• TASK PROMPT: Under this line are the records; write out word for word the part that begins at the line containing "Tan Liat Leng, 39, accompanies" and ends at the line containing "Medical staff at", and no more.

(Scraped caption text data)
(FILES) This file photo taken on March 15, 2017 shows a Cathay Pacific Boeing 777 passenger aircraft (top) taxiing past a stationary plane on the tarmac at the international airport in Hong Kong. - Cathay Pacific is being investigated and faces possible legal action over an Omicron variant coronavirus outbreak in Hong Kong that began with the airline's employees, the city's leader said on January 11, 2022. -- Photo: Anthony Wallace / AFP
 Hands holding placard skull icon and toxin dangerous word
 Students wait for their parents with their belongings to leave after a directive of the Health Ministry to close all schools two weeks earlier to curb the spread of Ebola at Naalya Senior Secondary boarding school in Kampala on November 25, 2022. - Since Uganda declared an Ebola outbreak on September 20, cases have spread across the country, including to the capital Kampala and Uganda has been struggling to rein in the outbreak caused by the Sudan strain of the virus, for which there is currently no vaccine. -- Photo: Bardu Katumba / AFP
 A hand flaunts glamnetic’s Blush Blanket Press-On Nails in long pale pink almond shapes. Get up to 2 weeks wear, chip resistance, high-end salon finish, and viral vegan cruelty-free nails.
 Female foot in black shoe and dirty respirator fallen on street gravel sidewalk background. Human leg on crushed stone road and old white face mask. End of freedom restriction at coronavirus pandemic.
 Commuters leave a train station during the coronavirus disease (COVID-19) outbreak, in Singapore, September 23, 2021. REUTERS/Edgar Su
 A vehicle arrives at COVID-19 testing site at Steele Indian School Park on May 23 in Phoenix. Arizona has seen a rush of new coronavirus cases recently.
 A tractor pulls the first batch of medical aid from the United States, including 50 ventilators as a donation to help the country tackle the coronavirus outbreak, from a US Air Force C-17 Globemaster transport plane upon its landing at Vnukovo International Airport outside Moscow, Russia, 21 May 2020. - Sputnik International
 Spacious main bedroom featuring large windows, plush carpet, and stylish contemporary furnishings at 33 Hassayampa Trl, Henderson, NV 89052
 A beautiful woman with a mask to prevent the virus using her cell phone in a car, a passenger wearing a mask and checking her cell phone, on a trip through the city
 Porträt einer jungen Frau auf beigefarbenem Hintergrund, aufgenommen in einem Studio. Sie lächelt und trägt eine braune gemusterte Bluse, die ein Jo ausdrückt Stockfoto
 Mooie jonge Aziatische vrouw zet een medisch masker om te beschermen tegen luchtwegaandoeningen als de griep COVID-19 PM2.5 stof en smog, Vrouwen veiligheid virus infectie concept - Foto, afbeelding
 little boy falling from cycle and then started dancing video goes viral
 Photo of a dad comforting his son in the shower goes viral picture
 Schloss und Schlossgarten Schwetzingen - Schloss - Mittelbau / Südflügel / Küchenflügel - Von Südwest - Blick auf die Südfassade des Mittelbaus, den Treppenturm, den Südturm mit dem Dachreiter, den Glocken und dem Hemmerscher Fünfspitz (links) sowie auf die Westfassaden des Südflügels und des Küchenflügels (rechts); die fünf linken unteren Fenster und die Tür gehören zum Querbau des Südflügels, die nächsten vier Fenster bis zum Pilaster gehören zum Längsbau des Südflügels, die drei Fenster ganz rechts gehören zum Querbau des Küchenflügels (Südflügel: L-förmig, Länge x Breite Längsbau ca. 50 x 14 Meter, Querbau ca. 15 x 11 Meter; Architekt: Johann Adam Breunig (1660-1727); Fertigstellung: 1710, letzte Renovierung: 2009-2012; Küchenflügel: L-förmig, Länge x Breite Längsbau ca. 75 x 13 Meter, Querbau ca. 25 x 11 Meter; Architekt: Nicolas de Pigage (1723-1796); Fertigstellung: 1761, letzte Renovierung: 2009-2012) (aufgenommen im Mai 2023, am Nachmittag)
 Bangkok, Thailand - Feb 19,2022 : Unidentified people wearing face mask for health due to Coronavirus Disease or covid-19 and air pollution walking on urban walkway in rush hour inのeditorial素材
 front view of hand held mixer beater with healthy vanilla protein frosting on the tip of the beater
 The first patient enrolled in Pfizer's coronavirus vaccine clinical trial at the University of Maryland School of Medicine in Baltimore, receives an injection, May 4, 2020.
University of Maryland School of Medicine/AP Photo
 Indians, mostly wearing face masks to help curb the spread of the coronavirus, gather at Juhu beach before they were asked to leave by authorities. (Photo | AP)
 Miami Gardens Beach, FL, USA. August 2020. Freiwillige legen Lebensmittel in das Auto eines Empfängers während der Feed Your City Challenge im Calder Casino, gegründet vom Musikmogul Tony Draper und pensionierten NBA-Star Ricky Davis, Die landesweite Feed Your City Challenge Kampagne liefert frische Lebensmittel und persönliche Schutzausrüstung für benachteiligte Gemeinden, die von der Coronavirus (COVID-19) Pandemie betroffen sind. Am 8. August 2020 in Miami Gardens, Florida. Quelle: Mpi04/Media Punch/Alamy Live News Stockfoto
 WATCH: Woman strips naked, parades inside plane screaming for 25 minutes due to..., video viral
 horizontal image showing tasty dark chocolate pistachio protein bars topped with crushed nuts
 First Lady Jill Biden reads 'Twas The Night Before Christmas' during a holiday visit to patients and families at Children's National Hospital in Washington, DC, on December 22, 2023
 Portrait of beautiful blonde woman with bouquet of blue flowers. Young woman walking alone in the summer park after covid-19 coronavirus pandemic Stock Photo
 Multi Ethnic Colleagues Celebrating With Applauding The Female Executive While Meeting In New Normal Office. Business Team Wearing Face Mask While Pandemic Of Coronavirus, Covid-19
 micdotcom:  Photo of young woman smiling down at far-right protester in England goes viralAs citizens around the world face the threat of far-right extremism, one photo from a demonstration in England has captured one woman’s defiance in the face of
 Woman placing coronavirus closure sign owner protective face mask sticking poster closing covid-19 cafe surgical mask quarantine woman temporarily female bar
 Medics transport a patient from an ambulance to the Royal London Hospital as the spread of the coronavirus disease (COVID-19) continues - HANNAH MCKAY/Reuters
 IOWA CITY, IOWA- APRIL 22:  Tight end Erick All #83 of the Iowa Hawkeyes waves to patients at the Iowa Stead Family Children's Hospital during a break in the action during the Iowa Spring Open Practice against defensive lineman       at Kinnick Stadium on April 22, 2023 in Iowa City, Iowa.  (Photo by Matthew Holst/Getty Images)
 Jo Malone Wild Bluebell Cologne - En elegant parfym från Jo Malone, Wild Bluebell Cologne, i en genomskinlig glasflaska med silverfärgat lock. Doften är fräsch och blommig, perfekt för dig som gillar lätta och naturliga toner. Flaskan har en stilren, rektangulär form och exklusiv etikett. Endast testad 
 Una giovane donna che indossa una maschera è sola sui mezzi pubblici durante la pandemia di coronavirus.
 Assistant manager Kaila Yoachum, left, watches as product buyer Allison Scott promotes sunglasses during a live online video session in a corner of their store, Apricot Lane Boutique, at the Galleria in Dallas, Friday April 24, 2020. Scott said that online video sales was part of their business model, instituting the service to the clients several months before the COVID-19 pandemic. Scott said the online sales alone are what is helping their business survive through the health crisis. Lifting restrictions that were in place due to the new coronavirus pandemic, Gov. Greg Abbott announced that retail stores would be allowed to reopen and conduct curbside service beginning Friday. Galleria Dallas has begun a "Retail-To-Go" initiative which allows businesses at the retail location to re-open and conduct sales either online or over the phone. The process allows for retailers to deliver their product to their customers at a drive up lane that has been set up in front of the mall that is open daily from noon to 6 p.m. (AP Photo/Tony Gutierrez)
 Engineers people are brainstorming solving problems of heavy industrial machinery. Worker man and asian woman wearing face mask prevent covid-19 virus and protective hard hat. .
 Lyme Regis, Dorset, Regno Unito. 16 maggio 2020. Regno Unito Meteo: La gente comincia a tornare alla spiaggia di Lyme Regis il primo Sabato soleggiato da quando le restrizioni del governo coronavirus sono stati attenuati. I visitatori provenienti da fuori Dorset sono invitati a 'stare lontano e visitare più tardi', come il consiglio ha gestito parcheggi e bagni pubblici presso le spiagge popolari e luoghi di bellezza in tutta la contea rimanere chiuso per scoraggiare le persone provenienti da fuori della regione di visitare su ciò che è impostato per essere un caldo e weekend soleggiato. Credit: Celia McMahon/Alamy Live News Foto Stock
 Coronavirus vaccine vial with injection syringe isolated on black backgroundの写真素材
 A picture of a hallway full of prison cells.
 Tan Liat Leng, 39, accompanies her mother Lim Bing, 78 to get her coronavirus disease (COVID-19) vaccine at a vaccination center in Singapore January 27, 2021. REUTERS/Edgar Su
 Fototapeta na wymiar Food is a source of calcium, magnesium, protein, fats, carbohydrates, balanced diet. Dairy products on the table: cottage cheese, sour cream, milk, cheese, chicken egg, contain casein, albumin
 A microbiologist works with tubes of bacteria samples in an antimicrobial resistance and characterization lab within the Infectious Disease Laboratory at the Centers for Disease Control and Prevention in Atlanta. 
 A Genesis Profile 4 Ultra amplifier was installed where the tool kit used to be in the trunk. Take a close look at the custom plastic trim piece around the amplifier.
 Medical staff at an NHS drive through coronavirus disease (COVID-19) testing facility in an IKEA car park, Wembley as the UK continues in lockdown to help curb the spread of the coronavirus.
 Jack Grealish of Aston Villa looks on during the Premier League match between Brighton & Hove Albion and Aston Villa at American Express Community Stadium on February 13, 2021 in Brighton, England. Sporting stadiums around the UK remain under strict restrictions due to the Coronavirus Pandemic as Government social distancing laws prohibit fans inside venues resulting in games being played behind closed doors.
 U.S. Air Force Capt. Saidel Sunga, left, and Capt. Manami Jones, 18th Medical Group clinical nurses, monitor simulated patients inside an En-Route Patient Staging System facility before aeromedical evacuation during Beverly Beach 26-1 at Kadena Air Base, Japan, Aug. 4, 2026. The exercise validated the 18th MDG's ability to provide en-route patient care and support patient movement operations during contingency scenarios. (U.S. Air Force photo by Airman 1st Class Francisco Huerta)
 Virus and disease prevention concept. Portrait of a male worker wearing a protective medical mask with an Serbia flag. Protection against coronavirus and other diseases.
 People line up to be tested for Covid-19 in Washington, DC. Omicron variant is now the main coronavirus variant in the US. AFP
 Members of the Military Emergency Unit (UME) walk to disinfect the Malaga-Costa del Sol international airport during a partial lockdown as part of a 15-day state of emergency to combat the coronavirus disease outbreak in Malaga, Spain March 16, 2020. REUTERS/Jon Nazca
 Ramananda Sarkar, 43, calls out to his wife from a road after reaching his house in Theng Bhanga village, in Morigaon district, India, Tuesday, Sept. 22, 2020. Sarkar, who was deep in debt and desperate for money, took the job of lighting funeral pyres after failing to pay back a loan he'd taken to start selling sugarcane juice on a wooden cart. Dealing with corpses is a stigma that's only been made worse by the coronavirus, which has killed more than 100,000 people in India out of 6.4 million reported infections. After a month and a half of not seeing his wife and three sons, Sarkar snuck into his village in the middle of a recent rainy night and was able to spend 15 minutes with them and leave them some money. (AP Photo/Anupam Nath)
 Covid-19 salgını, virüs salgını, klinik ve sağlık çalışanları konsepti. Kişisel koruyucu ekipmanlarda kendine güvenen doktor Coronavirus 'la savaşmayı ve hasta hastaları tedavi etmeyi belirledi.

• EXERCISE SOLUTION:
 Tan Liat Leng, 39, accompanies her mother Lim Bing, 78 to get her coronavirus disease (COVID-19) vaccine at a vaccination center in Singapore January 27, 2021. REUTERS/Edgar Su
 Fototapeta na wymiar Food is a source of calcium, magnesium, protein, fats, carbohydrates, balanced diet. Dairy products on the table: cottage cheese, sour cream, milk, cheese, chicken egg, contain casein, albumin
 A microbiologist works with tubes of bacteria samples in an antimicrobial resistance and characterization lab within the Infectious Disease Laboratory at the Centers for Disease Control and Prevention in Atlanta. 
 A Genesis Profile 4 Ultra amplifier was installed where the tool kit used to be in the trunk. Take a close look at the custom plastic trim piece around the amplifier.
 Medical staff at an NHS drive through coronavirus disease (COVID-19) testing facility in an IKEA car park, Wembley as the UK continues in lockdown to help curb the spread of the coronavirus.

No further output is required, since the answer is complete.